In the copy, keep every line below as it is and leave out the pictures.

▶ _Records drawn from a dataset_:

*****

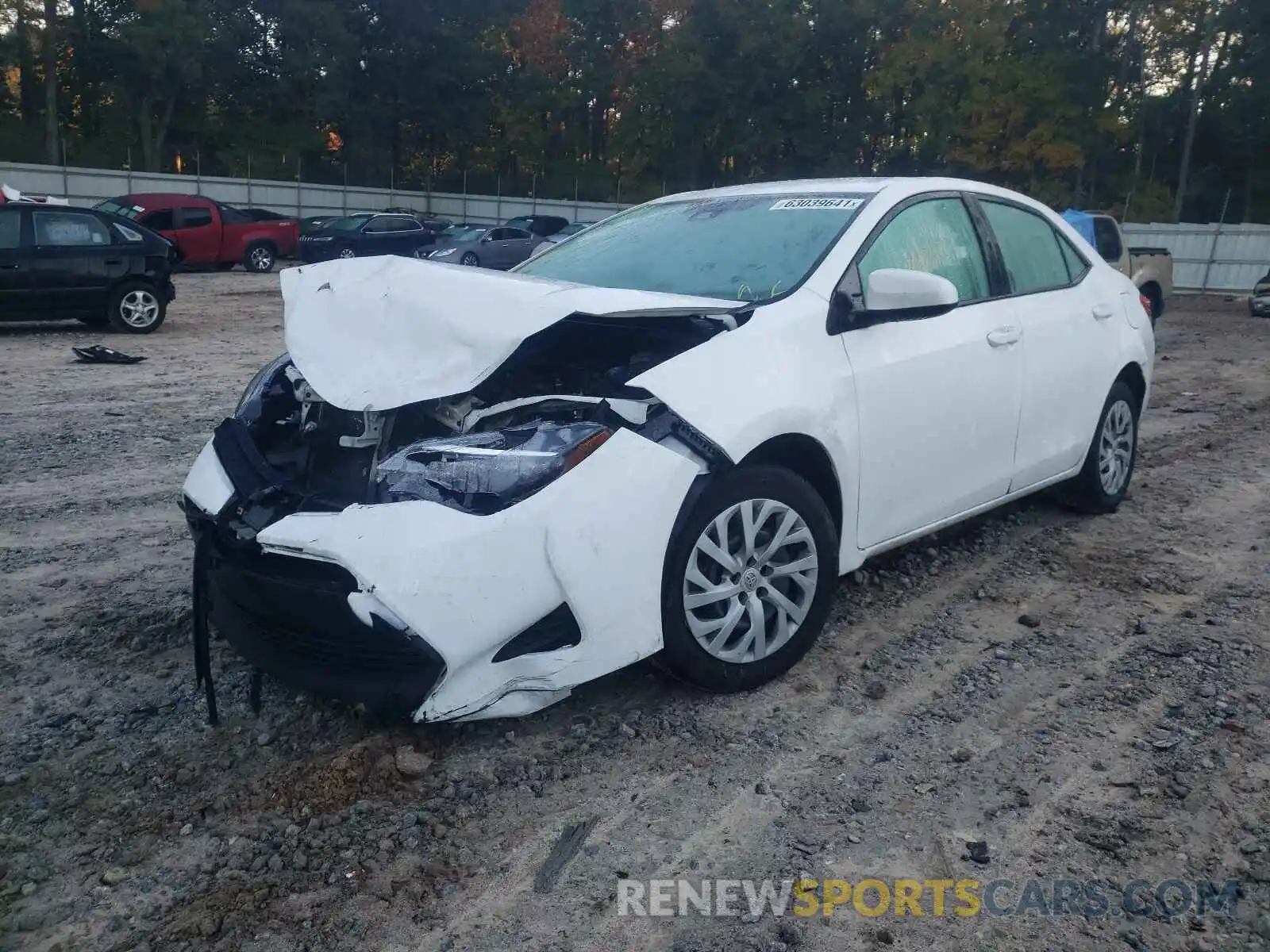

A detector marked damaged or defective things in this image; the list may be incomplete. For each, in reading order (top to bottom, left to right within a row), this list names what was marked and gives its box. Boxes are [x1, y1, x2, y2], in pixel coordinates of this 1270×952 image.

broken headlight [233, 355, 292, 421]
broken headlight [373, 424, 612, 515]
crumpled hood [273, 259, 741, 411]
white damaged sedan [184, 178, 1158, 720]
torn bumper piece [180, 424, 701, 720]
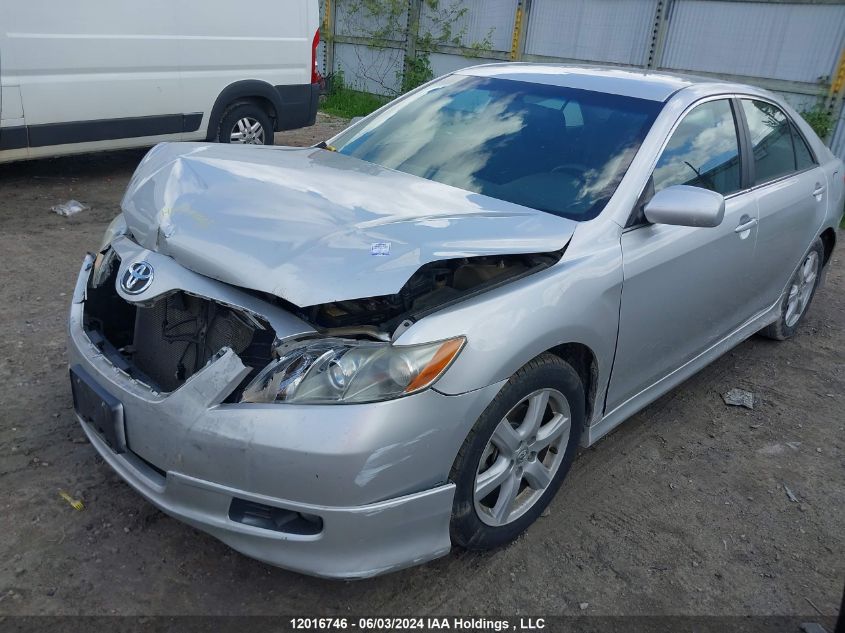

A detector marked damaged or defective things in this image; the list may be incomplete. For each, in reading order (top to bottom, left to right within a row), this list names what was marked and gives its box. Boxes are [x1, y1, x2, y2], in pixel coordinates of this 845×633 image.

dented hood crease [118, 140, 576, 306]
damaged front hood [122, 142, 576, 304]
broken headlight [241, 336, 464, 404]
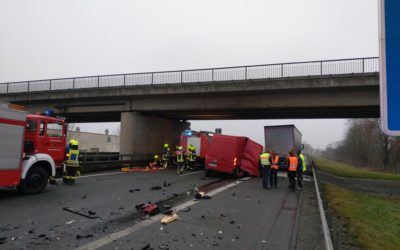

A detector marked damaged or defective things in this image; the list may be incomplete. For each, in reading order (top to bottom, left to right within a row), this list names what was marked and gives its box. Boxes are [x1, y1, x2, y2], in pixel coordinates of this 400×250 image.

*****

▶ _PROBLEM SOLUTION_:
A detector marked damaged or defective things in this image; the list may be incomplete. For each, in reading order (top to bottom, left to right within a row), this list names what was marked and gives its box. Boxes are [x1, y1, x2, y2], in pixel coordinates of this 1270×952 image.

broken headlight [233, 355, 292, 421]
broken headlight [373, 424, 612, 515]
crumpled hood [273, 259, 741, 411]
white damaged sedan [184, 178, 1158, 720]
torn bumper piece [180, 424, 701, 720]

A detector marked damaged or defective things in this image; the list may be incomplete. For each, in reading order (top to bottom, left to right within a row), this list names what was marked and gives its box. Boxes are [x1, y1, x2, y2], in pixel coordinates of this 845×633 image.

dented hood crease [118, 140, 576, 306]
damaged front hood [122, 142, 576, 304]
broken headlight [241, 336, 464, 404]

A detector marked damaged or defective things in this image; the list may be incomplete. For each, in reading order (top to bottom, left to right within a row), this list names what was marked and gives its box. Boxes are [x1, y1, x2, y2], in pixel coordinates of this 400×250 image.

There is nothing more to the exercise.